Because it is opaque, the type `'a Seq.t`

does *not* reveal whether a sequence is:

**persistent**, which means that the sequence can be used as many times as desired, producing the same elements every time, just like an immutable list; or**ephemeral**, which means that the sequence is not persistent. Querying an ephemeral sequence might have an observable side effect, such as incrementing a mutable counter. As a common special case, an ephemeral sequence can be**affine**, which means that it must be queried at most once.

It also does *not* reveal whether the elements of the sequence are:

**pre-computed and stored**in memory, which means that querying the sequence is cheap;**computed when first demanded and then stored**in memory, which means that querying the sequence once can be expensive, but querying the same sequence again is cheap; or**re-computed every time they are demanded**, which may or may not be cheap.

It is up to the programmer to keep these distinctions in mind so as to understand the time and space requirements of sequences.

For the sake of simplicity, most of the documentation that follows is written under the implicit assumption that the sequences at hand are persistent. We normally do not point out *when* or *how many times* each function is invoked, because that would be too verbose. For instance, in the description of `map`

, we write: "if `xs`

is the sequence `x0; x1; ...`

then `map f xs`

is the sequence `f x0; f x1; ...`

". If we wished to be more explicit, we could point out that the transformation takes place on demand: that is, the elements of `map f xs`

are computed only when they are demanded. In other words, the definition `let ys = map f xs`

terminates immediately and does not invoke `f`

. The function call `f x0`

takes place only when the first element of `ys`

is demanded, via the function call `ys()`

. Furthermore, calling `ys()`

twice causes `f x0`

to be called twice as well. If one wishes for `f`

to be applied at most once to each element of `xs`

, even in scenarios where `ys`

is queried more than once, then one should use `let ys = memoize (map f xs)`

.

As a general rule, the functions that build sequences, such as `map`

, `filter`

, `scan`

, `take`

, etc., produce sequences whose elements are computed only on demand. The functions that eagerly consume sequences, such as `is_empty`

, `find`

, `length`

, `iter`

, `fold_left`

, etc., are the functions that force computation to take place.

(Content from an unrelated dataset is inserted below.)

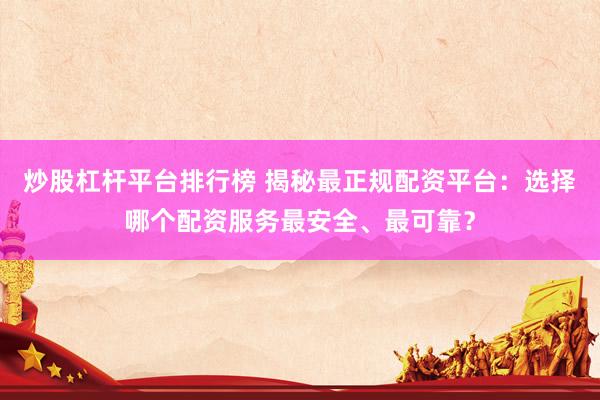 炒股杠杆平台排行榜 揭秘最正规配资平台：选择哪个配资服务最安全、最可靠？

When possible, we recommend using sequences rather than dispensers (functions of type `unit -> 'a option`

that produce elements upon demand). Whereas sequences can be persistent or ephemeral, dispensers are always ephemeral, and are typically more difficult to work with than sequences. Two conversion functions, `to_dispenser`

and `of_dispenser`

, are provided.

`type 'a t = unit -> 'a node`

A sequence `xs`

of type `'a t`

is a delayed list of elements of type `'a`

. Such a sequence is queried by performing a function application `xs()`

. This function application returns a node, allowing the caller to determine whether the sequence is empty or nonempty, and in the latter case, to obtain its head and tail.

A node is either `Nil`

, which means that the sequence is empty, or `Cons (x, xs)`

, which means that `x`

is the first element of the sequence and that `xs`

is the remainder of the sequence.

## Consuming sequences

The functions in this section consume their argument, a sequence, either partially or completely:

`is_empty`

and`uncons`

consume the sequence down to depth 1. That is, they demand the first argument of the sequence, if there is one.`iter`

,`fold_left`

,`length`

, etc., consume the sequence all the way to its end. They terminate only if the sequence is finite.`for_all`

,`exists`

,`find`

, etc. consume the sequence down to a certain depth, which is a priori unpredictable.

Similarly, among the functions that consume two sequences, one can distinguish two groups:

`iter2`

and`fold_left2`

consume both sequences all the way to the end, provided the sequences have the same length.`for_all2`

,`exists2`

,`equal`

,`compare`

consume the sequences down to a certain depth, which is a priori unpredictable.

The functions that consume two sequences can be applied to two sequences of distinct lengths: in that case, the excess elements in the longer sequence are ignored. (It may be the case that one excess element is demanded, even though this element is not used.)

None of the functions in this section is lazy. These functions are consumers: they force some computation to take place.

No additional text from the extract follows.